Thursday, May 27, 2021



About ten days ago, I drove the length of Old Mission to photograph the cherry blossoms in full bloom.  It was a gorgeous sight in comparison to the early season blossoms I’d shot a month ago.  There were backdrops of the bay in several images.  Two-tracks beckoned me into the orchards.  I met several owners who welcomed my interest and picture-taking.  My favorite was an orchard near the tip which had tulips blooming alongside the cherries.  Enjoy! 

Thursday, May 20, 2021



I’ve been living in Traverse City for nearly three and a half years and have been searching for a field of trillium like I saw while living in Northport.  I've not yet located such a large patch here, but in the Northport area, there are actually two large hills carpeted with trillium.


 The  first site is officially known as Trillium Hill and is on Johnson Road off M-22.  The sign here is of the property owners’ land, which is private, but if you proceed down the hill you’ll see the actual trillium hill.


 This Trillium Hill is a heavily wooded hillside that is partly-shaded and borders a wetland area.  That specific habitat type is one reason why it’s difficult to transplant trillium to neighborhoods gardens.


 Trillium Hill is actually a series of hills that stretch on for perhaps an eighth of a mile.  It can be pretty dark to photograph in the morning, but in the afternoon, the sun streams through, highlighting the trillium and sending shadows throughout.


 Zooming in a bit, I was able to catch close-ups of the densely-populated trillium.


 The Great White Trillium is the most common variety.  Its solitary, waxy-white flower will turn pink with age.  


 At the base of Trillium Hill is a marshy area and Marsh Marigolds populate that area.  They are as lovely to see as the trillium.


 On the way to the second trillium site, I passed by Peterson Park and couldn’t resist popping in for the beautiful view.  The Lake Michigan water sparkled in the sunshine.


 This second location for carpets of trillium is on Peterson Park Road across from the goat farm.  It’s a little more open than Trillium Hill, which makes for easier photography.

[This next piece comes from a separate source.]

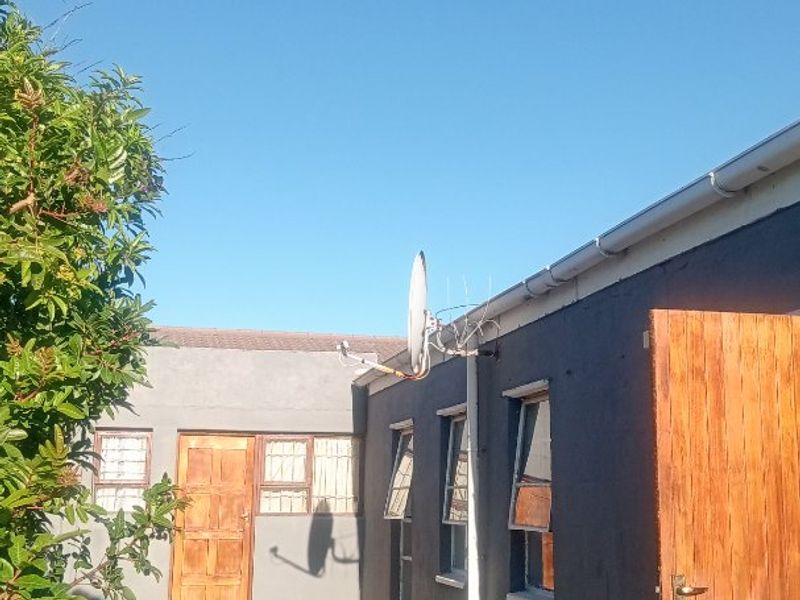 Lovely 3 Bedrooms in Eastridge - Photo 4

 Since I was here last, someone has cleared a path through the trillium.  While it’s private property, I can imagine what a walk through the trillium would be like.


 Which ever trillium hill you favor, it’s worth the spring drive to see these masses of lovely flowers.  


Thursday, May 13, 2021



When I was out shooting cherry blossoms last weekend, I came across some fox pups living under a porch.  They were a ball of energy and so adorable.  Fox pups are also known as kits or cubs.


 It was hard to count the number because they were so balled up together, but I could tell there were six of them.  One was off to the side eating what appeared to be a bird.


 I figured these pups were at least eight weeks old because their coats had become largely adult in color and their faces were adult in proportion.


 The pups began breaking off individually or in pairs for their own pursuits.  These two had been wrestling and when one reared back, I was struck by the black caps on its paws.


 This little one ran around a tree and looked right at me.  What beautiful eyes it has!


 The fox continued on until it found a hole it was starting to explore, perhaps for food, such as worms or insects.  The pups are still dependent on their mother for milk and other small mammals and birds.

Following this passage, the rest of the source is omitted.